【 ペイント系ツール 】で絵を描き慣れた人がイラレでは上手に描けない問題について
今回は、イラストをPCで描く際に操作するアプリについてお話していきたいと思います。
PhotoshopやSAIなど手描き感覚で描ける「ペイント系アプリ」でイラストを今まで描いてきた人が「ベジェ曲線のキレイな線」で描きたいと思って、Illustratorで描き始めた時に遭遇する問題についてです。
「ペイント系アプリ」に慣れ親しんでいる方は、Illustrator独特の”オブジェクトを重ねる”などの概念には、なかなか馴染めないといいます。
双方、”PCで絵を描く”という点では共通しているものの、操作性が全く違うからです。
例えば左の画像のような口をIllustratorで描く場合、手描き脳で考えると、ペンツールやパスツールを使い点で線を描く発想になるようです。
黒のオブジェクト上に、歯となる白いオブジェクトを手描き感覚で幾つも重ねて描くという「面を塗る感覚」なのでしょうか?
完成さえすれば良いだけの話ですが、どう考えれば『1から描く』という意識の壁から抜け出して、Illustrator独自の機能で効率的に描く感覚が掴めるものか?
ここら辺の捉え方がベジェ曲線を理解する上で必要になって来るのではないかと思います。
↓ ↓ ↓
まずは、Illustratorで下図の見本にあるような口を描く場合を大雑把に説明してみます
1)まずペンツールや鉛筆ツールなどで黒の線を描いてみまます。
2)次に「線幅ツール(バージョンによります)」を使って線に手描き風の強弱を付けます。
ペンツールと線幅ツールで口を描くと、↓こんな感じ↓になります。
Illustratorで「線(オープンパス)」の設定を使うと、線の太さが「最初から最後まで同じ幅」になってしまって手描き線のような「太い部分や細い部分が混在する味のある線」を描くことはできません。
筆タイプの「ブラシ」を使うという手もありますが、こちらも同じで線の太さの強弱を自在に作ることはできません。
手描き風の線にする方法は手順として描画後に線の太さを編集していくことになります。
その上での話ですが例えば、
描きたい画像を下絵として既に用意しておいた上で、それを忠実にトレースしたい場合
1)まずは、口の部分なら黒い丸三角の線をクローズドパス(面)で描きます。
2)その内側の領域に白の塗りを入れます。
3)その上に歯に当たる部分の黒い縦線を描いて乗せます。
これが例えば下絵の用意が無くて「画面上で考えながら描いていく」場合は、黒い部分の線を面で描くかもしれません。
または、線を美しい正確なパスデータで描く必要がない場合には、線を「オートトレース」で起こすという手もあります。
但し、この場合は複合パスなどの設定上の不要なパスやグループ分けが同時に作成されてしまう場合もあるので、パス形成が一瞬で出来上がるとはいっても修正箇所の多数発生による細々とした作業に追われ、かえって時間がかってしまうものなんです。
このように Illustrator の機能は迷路に入り込んだような辛い状況に陥る場合もありますが、ゲーム感覚で(?)色々な機能を楽しみながら試すことが感覚を掴む早道となります。
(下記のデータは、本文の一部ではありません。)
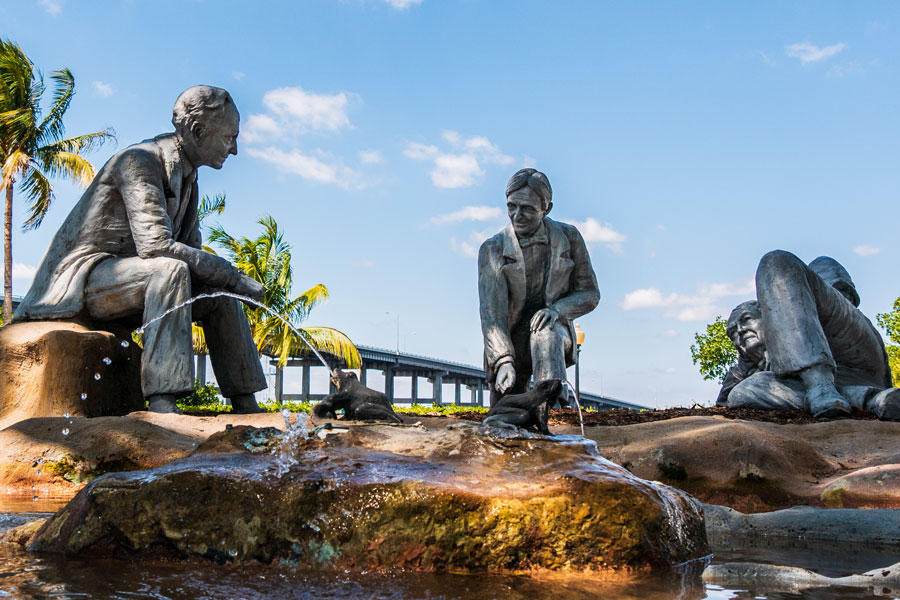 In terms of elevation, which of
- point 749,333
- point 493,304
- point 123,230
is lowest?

経験を通して理解して行くことによって自然と馴染んでいきます。
以上のことから、Illustratorで「絵を描く」こととは、感覚的に言うと「切り絵する」という理解で良いかと思います。
絵を描くというよりは、「パーツを作って組み合わせる」という感じですから、ペイント系のアプリに慣れ親しんだ人にとって、わかりにくいというのは仕方が無いことなんですね。
逆説的には、絵を紙に自在に描ける基礎デッサン力(スキル)がある上での Illustrator機能の活用ならば、創り出す絵は更にグレードアップされ最強で手堅い魅力を加算していくことに繋がるものです。